Spend some time skiing in a straight line on a gentle slope, find your balance point/stance on the new skis, ski on one ski and then on the other, main concern is balance, just go straight.
Then make some gradual big turns once again going for balance and feel. Work yourself into your new skis gradually and you will then begin to feel familiar with them and enjoy. When you find your balance/sweet spot you will be off to a great season. Enjoy. Pete
post #10 of 11
If you are skiing at Seven Springs, I'll be in town from the 18 to 27th. You might want to check out the EpicSki Instructor List and contact members Larry C or Taylormatt by PM for lessons.
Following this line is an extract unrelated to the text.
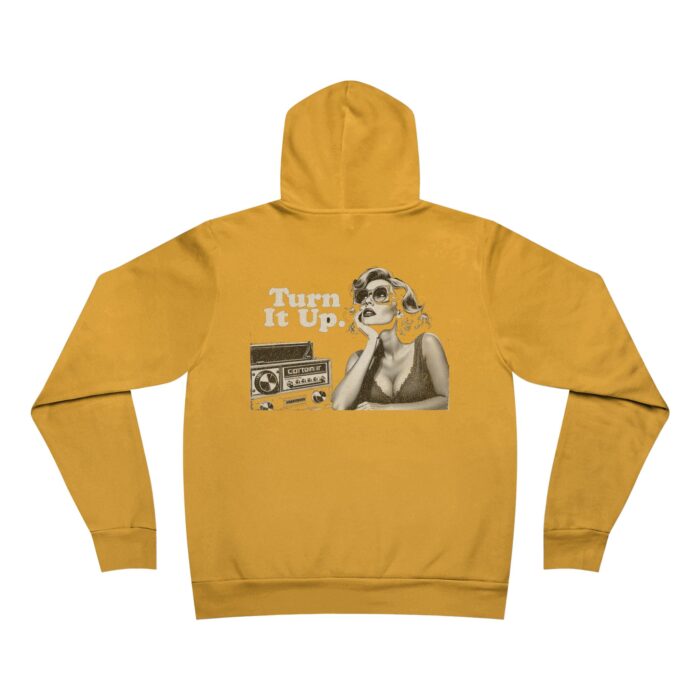 Turn it up Unisex Sponge Fleece Pullover Hoodie - Image 12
Taylormatt was just saying he is not heaviliy scheduled until 12/26, so nice chance to meet with a great guy and fun instructor.
post #11 of 11
Elan's web site has the Flow 6.2 listed with 2-1/2 (out of 5 possible) stars for skiing level, and the Magfire 8 with 3 stars, so there wouldn't be much difference.

Your new skis very likely are more responsive than the rentals, so they react to whatever inputs you give them...correct or incorrect inputs, intentional or unintentional inputs. As said, you could use some instruction in the correct inputs to make those skis perform and put a smile on your face. Pete also has some very good ideas.

The configuration of the bottom of the ski and the edges, the "tuning," is very important. Usually the original factory setup is very good, but have it checked. The base must be flat, the base edge surfaces beveled 1°, and the sides beveled 1° or 2°. If this isn't the case, ask the shop you bought them from to correct this,and ask for no charge or a good discount. The skis won't ski right for anybody if they aren't tuned right. Also check to see that the shop has the binding positioned correctly with the center mark on your boot sole over a corresponding mark on the ski, or maybe the boot 10 to 15 mm forward of the mark. (Many skis, not all, ski better on packed snow with the bindings forward of the mark. I'm not familiar with Elan's integrated bindings, but they look like Tyrolia Railflex.)